Als Vater von vier Kindern weiß ich genau, welche Belastungen die Eltern in unserem Lande durch die Ausbildung ihrer Kinder zu tragen haben. Neben Schulbüchern, Klassenfahrten bis hin zum Kopiergeld summieren sich diese Kosten zu beträchtlichen Beträgen. Aus diesem Grund ist es umso nötiger, allen Eltern umfassende Unterstützung zukommen zu lassen.

Wie die Grünen in ihrem Antrag richtigerweise darstellen, wurde vor dem Hintergrund einbrechender Steuermittel 2003 der Eigenanteil der Eltern an den Lernmitteln auf 49 % erhöht, auf fünf Jahre begrenzt. Diese Regelung läuft zum 31. Juli 2008 aus, und wir kommen, wie wir damals versprochen haben, zu dem ehemaligen Ausgangspunkt zurück.

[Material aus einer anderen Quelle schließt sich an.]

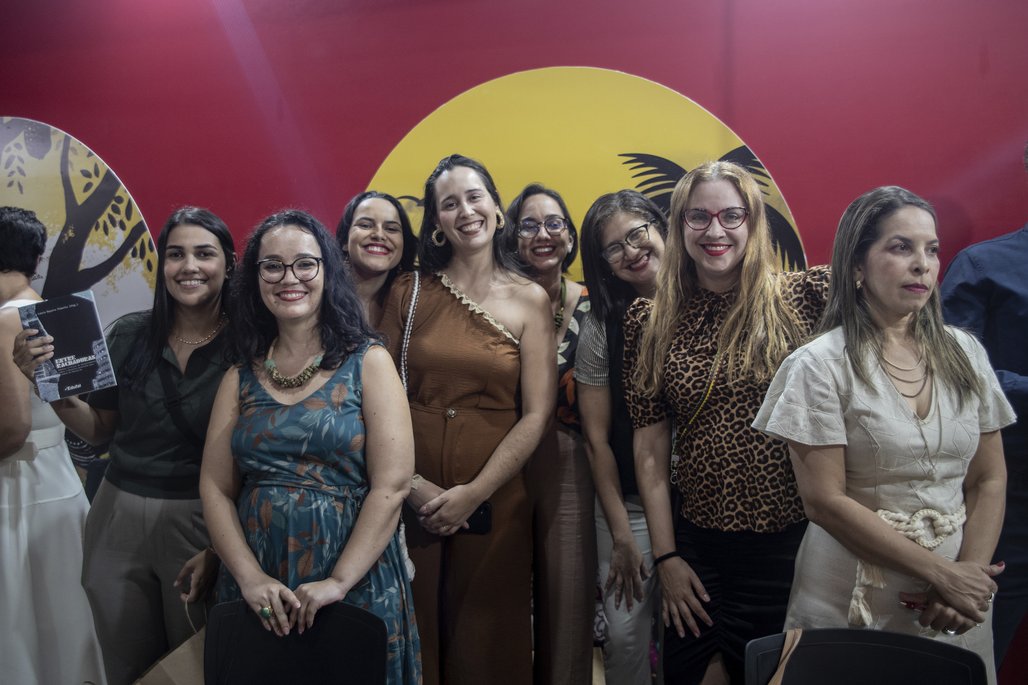 Bienal do Livro de Alagoas 2025 \u002D dia 6 \u002D 05/11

Wenn heute in der „Westdeutschen Allgemeine“ Herr Priboschek, der Sprecher des Schulministeriums, erklärt, im Schulgesetz sei klar geregelt, dass die jeweiligen Schulträger, also Kommunen oder Kirchen, die Schulbücher für bedürftige Familien komplett bezahlen müssten, dann irrt er. Manchmal ist es hilfreich, in das Gesetz zu schauen. In § 96 Abs. 3 heißt es im letzten Satz:

„Über weitere Entlastungen vom Eigenanteil entscheidet der Schulträger in eigener Verantwortung.“

Hieraus wird ersichtlich, dass die Städte und Gemeinden wieder im Spiel sind, wenn es um freiwillige soziale Leistungen geht. Sie sollten ganz genau wissen, dass Kommunen in der Haushaltsnotlage oder im Haushaltssicherungskonzept dies gar nicht leisten können und dürfen.

Es ist gut, dass Eltern ab dem 1. August dieses Jahres wieder prozentual weniger für die Lernmittel ihrer Kinder bezahlen müssen. Es ist aber auch völlig unverständlich, dass dies wieder zulasten der Kommunen in unserem Land geht. Der Städtetag Nordrhein-Westfalen hat schon am 29. März 2006 davor gewarnt, die Kosten und Konflikte dieser Schulpolitik auf die Kommunen abzuwälzen. Obwohl die Ministerin und ihr Staatssekretär schon im August 2005 ankündigten, die Rechtslage entsprechend anzupassen und die Städte und Gemeinden finanziell und damit verfassungsgemäß zu unterstützen, geschieht bis heute nichts.